= Beginning of Section =

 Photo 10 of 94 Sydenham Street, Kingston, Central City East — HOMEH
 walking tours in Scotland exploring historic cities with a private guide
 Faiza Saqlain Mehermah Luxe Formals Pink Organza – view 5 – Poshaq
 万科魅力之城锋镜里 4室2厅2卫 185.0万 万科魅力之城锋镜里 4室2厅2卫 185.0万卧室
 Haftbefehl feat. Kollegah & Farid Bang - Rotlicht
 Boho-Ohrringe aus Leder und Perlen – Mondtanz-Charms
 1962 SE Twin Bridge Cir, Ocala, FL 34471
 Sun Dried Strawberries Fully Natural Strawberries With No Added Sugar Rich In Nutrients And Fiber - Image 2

= End of Section =

**Directions for this task:**
Retype all the records above without changing a word.

**The answer:**
 Photo 10 of 94 Sydenham Street, Kingston, Central City East — HOMEH
 walking tours in Scotland exploring historic cities with a private guide
 Faiza Saqlain Mehermah Luxe Formals Pink Organza – view 5 – Poshaq
 万科魅力之城锋镜里 4室2厅2卫 185.0万 万科魅力之城锋镜里 4室2厅2卫 185.0万卧室
 Haftbefehl feat. Kollegah & Farid Bang - Rotlicht
 Boho-Ohrringe aus Leder und Perlen – Mondtanz-Charms
 1962 SE Twin Bridge Cir, Ocala, FL 34471
 Sun Dried Strawberries Fully Natural Strawberries With No Added Sugar Rich In Nutrients And Fiber - Image 2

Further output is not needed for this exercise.